20代の俺は将来どうなりたいとか、どんな仕事がしたいというのが無かった。だから最初の就職もろくに就活もせずに1か所行って決めてしまったけど、ITの営業職みたいな仕事が嫌でわずか2か月で辞めてしまった。そこから20代後半まで6年近くはフリーターだった。

ちょうどその頃、フリーターは「新しい働き方」みたいな言われ方をされていたものの、世間ではまだまだ認知されてもいなければ、それどころか白い目で見られるような立ち位置だった。当時まだ実家住まいをしていたけど、隣の家の親父からは「フラフラしてる」と思われていたようだし、学生時代に駅の近くで同級の奴が「財布忘れちゃって電車賃貸してくれない」と頼まれ貸して、翌日うちにその金を返しに来た際に「やっぱ持つべきものが友達だね」なんてメモを残していったくせに、会社を辞めた頃にばったり会ったら俺をゴミを見るような目で見て無視しやがって。そして両親からも当然将来を心配されるしといったところだった。

農家の住み込みや工場やショップ、ルート販売などいろいろなバイトをしていたが、次の仕事を「フロムA」で探しているときに、西新宿のロックビデオを販売する会社の募集があった。たしか内勤で社員というものだった。

当時付き合っていた女がいたから、そろそろ1か所に定着したほうがいいかなという思いもあったので、俺は履歴書を書いてその会社へ電話して面接の日取りを決めた。

西新宿だし、ブートレグ販売か、いいねぇなんて思いながら面接に出向いた。事務所では女の人が2人ほど事務仕事をしてた。そこで待たされて出てきたのはひとりのおっさん。一通り面接でのやり取りをしたあと、そのおっさんは俺にこう言った。

「仕事の面接だというのになんでそんな格好で来た?扱うものがロックのものだからだらしない格好でもいいと思ったのか?」と。

俺はTシャツにジーンズといういで立ちで面接に行った。そしてそのおっさんの言う通り、ブートレグ販売なんだからラフでもいいだろうと思っていたのだ。そう質問されて俺は言葉に詰まった。内心は「その通りだよ」と思ったものの、どう答えたのか今では覚えていない。そしてその後もおっさんからは説教のようなものを食らって面接は終わった。

なんだよふざけやがって!と思いながら女と待ち合わせ、「たぶんダメだ」と一言だけ伝えた。

家でも母親に「当たり前でしょ、どんな仕事でもちゃんとした格好で行かなきゃダメだ」みたいなことを言われたが、当時の俺はそんなのクソ喰らえと思ってて聞く耳を持たなかった。

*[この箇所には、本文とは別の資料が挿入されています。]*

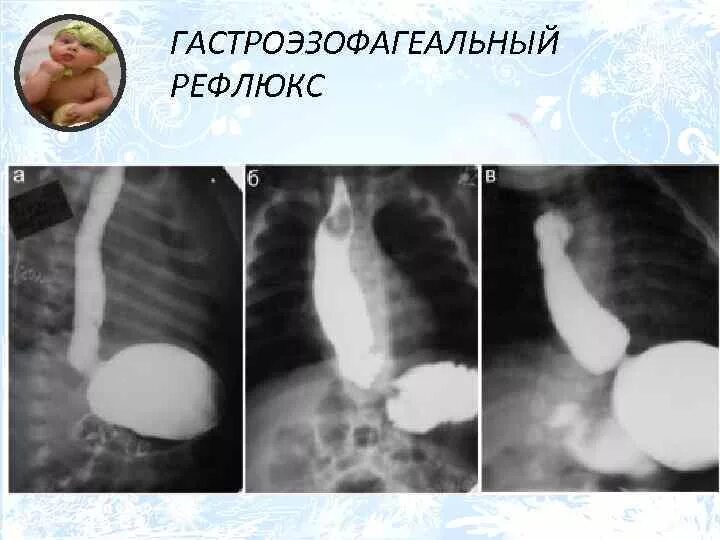 Рефлюкс у подростков. Гастроэзофагеальный рефлюкс рентген. рентгенологическое исследование пищевода при гэрб.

後日、その会社から電話があって、西新宿にある店舗で「バイト」としてなら雇うと言われた。だけど面接が終わった後からずっとふざけんなクソがと思っていたので断った。あんだけ説教されてバイトなんかでやれるかよ、こっちから払い下げだ!ぐらい思っていた。

ただ、あのとき面接に行ったのに説教されて返されたことについては、正直自分でも情けないと思っていた。強がってそれを表に出すことは無かったけど。

20代の頃の俺は本当にバカでどうしようもねえな思う。あれから30年経ったいまでは、あんなの説教されて当たり前だと思うし、もしあの頃の自分にアドバイスするなら、将来苦労するからもっと自分のことを真剣に考えろと言ってやりたい。でも当時の自分はそんなのは戯言と思って聞き入れないのかもしれないけど。

もしあの時、ちゃんとスーツとかを着て面接に行ってたら、違った生活をしているのだろうか。いや、もっと以前に遡って就職する前にちゃんと将来のことを考えて行動していたら今とは状況もちがっていたのだろうかとか考えてみるが、何をいまさらだし、後悔してもしょうがないな。